╭─ Provided information

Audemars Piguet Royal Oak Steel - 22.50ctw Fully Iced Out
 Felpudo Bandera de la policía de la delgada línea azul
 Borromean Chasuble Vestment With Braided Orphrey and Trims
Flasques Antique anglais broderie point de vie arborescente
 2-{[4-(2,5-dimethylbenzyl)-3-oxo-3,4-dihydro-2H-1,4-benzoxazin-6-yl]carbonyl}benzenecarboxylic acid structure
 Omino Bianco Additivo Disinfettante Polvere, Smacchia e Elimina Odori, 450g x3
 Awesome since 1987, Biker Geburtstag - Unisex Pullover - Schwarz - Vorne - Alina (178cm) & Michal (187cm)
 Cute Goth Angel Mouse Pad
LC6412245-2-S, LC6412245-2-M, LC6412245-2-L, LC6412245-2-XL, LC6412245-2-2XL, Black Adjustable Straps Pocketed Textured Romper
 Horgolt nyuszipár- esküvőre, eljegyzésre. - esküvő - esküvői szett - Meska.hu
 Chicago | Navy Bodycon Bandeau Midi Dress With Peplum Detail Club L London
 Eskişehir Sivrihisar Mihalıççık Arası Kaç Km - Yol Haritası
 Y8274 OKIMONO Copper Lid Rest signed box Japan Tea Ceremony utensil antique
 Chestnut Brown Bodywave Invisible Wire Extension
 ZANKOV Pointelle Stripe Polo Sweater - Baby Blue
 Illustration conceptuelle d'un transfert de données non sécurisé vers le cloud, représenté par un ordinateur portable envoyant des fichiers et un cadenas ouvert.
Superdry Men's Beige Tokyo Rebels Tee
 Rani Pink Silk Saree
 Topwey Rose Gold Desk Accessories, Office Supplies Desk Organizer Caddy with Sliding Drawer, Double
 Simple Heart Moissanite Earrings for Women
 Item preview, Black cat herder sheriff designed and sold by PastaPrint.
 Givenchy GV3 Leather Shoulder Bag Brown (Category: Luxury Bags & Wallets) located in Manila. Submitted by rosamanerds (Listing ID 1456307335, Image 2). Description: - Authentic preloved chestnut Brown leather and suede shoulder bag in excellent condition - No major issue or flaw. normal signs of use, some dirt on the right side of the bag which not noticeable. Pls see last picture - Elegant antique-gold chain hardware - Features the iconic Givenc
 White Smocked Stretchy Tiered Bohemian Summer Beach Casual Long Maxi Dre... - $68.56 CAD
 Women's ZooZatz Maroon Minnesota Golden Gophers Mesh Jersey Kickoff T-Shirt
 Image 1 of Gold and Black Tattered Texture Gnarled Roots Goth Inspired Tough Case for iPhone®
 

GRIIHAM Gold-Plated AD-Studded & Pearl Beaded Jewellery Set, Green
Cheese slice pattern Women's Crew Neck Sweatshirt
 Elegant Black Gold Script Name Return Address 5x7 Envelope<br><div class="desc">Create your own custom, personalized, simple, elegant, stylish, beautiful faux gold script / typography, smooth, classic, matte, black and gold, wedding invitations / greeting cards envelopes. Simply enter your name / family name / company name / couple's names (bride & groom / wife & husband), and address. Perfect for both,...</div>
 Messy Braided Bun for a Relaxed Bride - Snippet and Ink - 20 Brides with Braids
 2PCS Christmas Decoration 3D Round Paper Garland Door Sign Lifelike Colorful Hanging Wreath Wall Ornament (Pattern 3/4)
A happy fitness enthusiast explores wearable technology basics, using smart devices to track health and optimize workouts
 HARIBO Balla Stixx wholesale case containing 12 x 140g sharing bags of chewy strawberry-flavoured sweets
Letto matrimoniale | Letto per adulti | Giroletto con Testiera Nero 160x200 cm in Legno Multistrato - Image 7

╰─

→ What is required: Return only the number of lines in the preceding records that contain the string "Braided".

→ Answer to this problem: 2